Information shown Start Marker

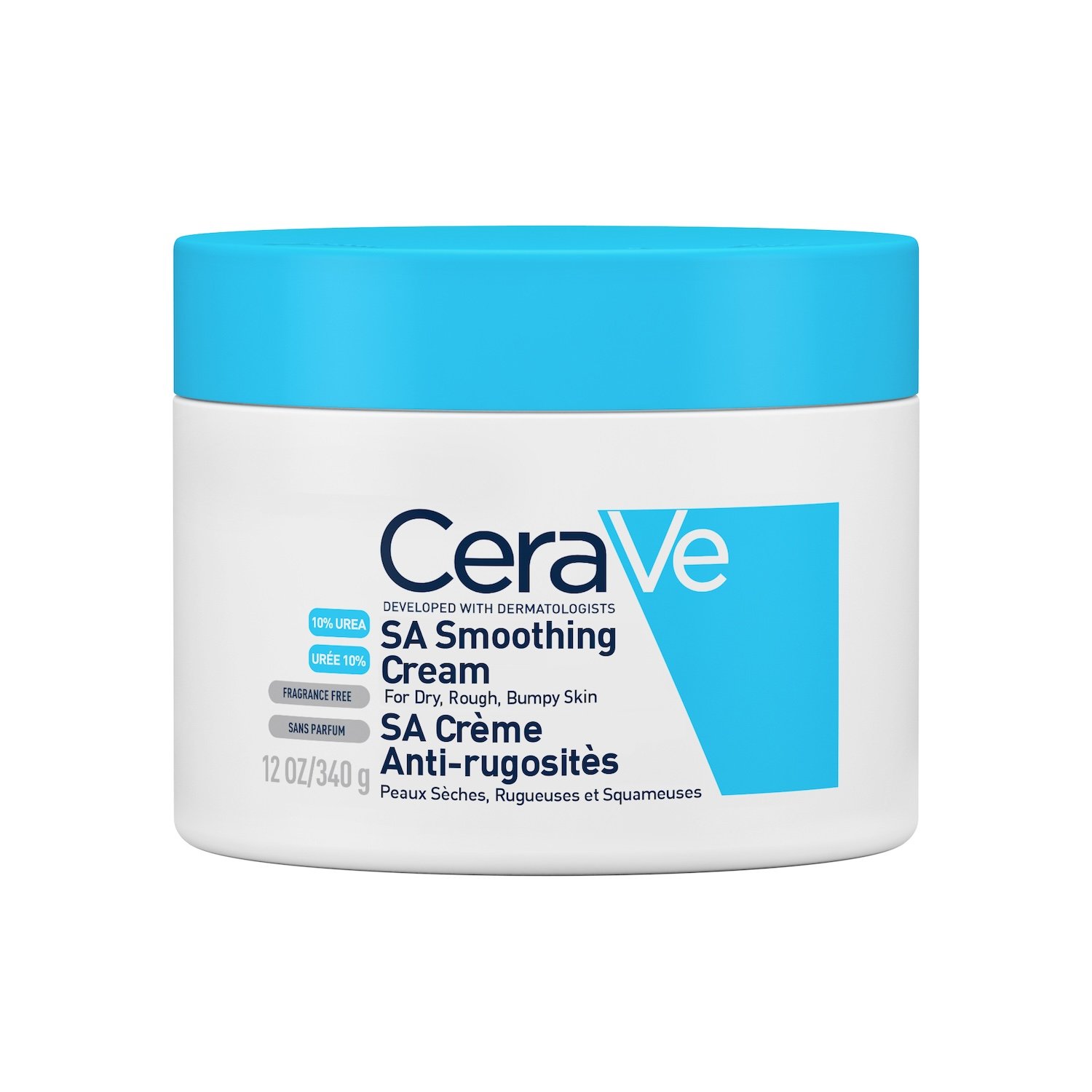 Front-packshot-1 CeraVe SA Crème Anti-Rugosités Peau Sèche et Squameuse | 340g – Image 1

Information shown End Marker
Information shown Start Marker

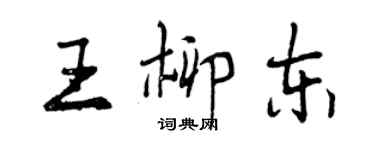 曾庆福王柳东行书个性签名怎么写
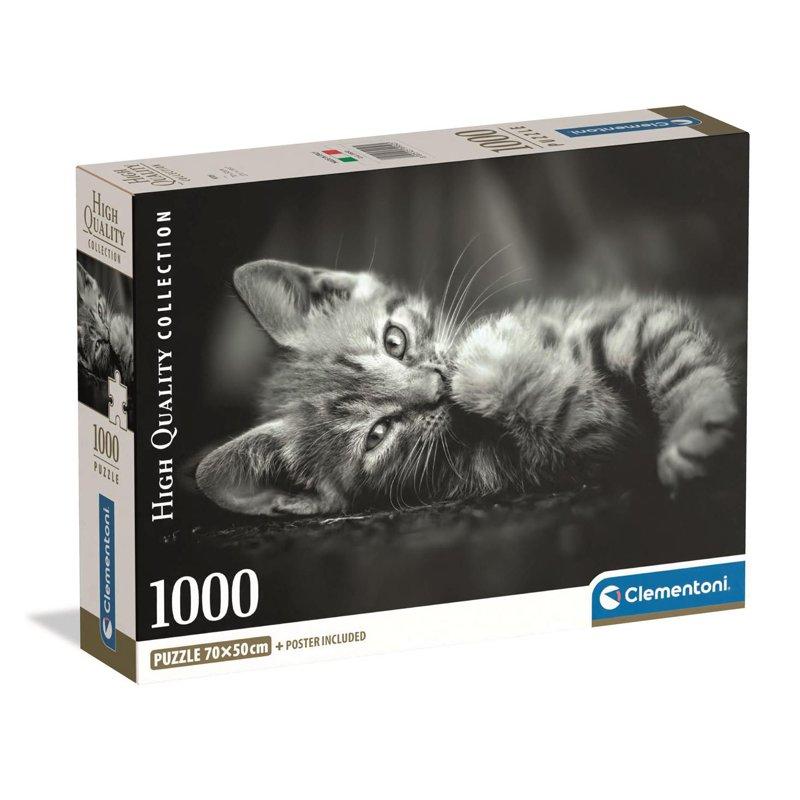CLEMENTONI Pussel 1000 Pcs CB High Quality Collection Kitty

Information shown End Marker

§ Task goal
Repeat exactly, and only, the entries from the line with "曾庆福王柳东行书个性签名怎么写" through the line with "CLEMENTONI Pussel 1000". Pictures are skipped.

§ Your solution
 曾庆福王柳东行书个性签名怎么写
CLEMENTONI Pussel 1000 Pcs CB High Quality Collection Kitty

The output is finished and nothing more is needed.